Amna Mahmood  ( Department of Biochemistry, Islamic International Medical College, Riphah University, Rawalpindi, Pakistan. )
Amena Rahim  ( Department of Biochemistry, Islamic International Medical College, Rawalpindi. )
Muhammad Afzal  ( Islamic International Medical College, Rawalpindi, Pakistan )
Muhammad Imran Bajwa  ( Department of Biochemistry, Islamic International Medical College, Riphah University, Rawalpindi, Pakistan. )
Yawar Zaman  ( Punjab Employees Social Security Hospital, Islamabad, Pakistan. )
Hira Waqas Cheema  ( Department of Anatomy, Islamic International Medical College, Riphah University, Rawalpindi, Pakistan. )
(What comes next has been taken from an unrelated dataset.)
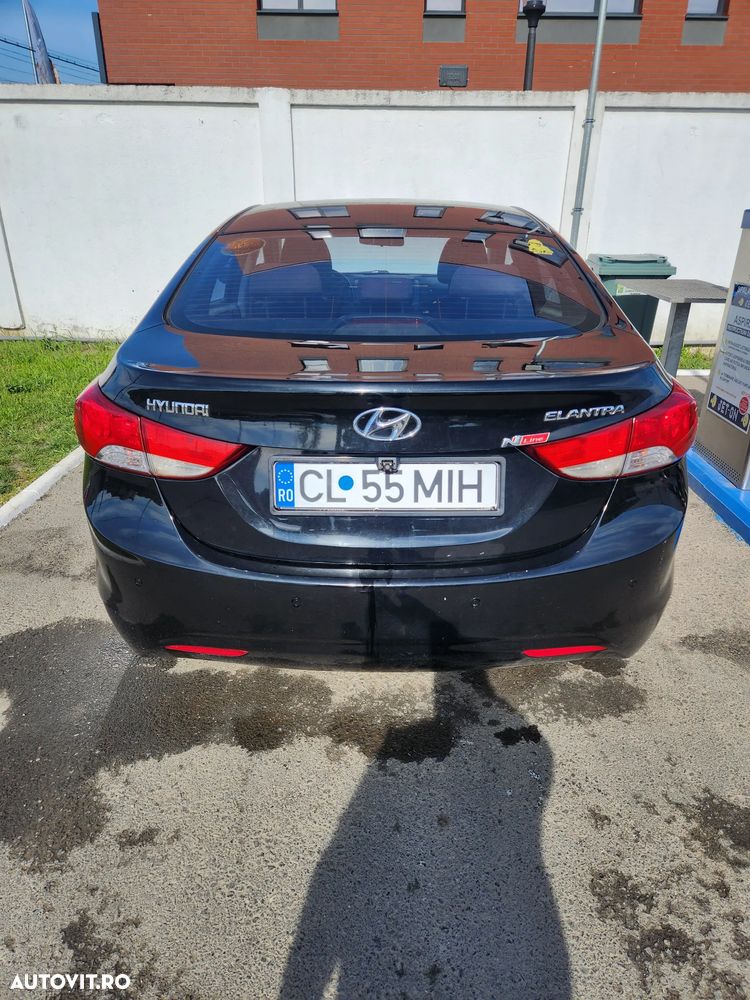 Hyundai Elantra 1.6 MPi - 6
Objective: To find the association between interleukin-1 receptor-associated kinase 1 rs3027898 gene polymorphism and preeclampsia.

Methods: The case-control study was conducted from October, 2018 to September, 2019 at the Railway General Hospital and the Department of Biochemistry, Islamic International Medical College, Rawalpindi, Pakistan, and comprised patients diagnosed with preeclampsia and healthy controls. The interleukin receptor-associated kinase-1 polymorphism was determined using multiplex tetra primer amplification refractory mutation system polymerase chain reaction. Outcomes were determined in terms of association of interleukin receptor-associated kinase-1 with preeclampsia. Data was analysed using SPSS 22.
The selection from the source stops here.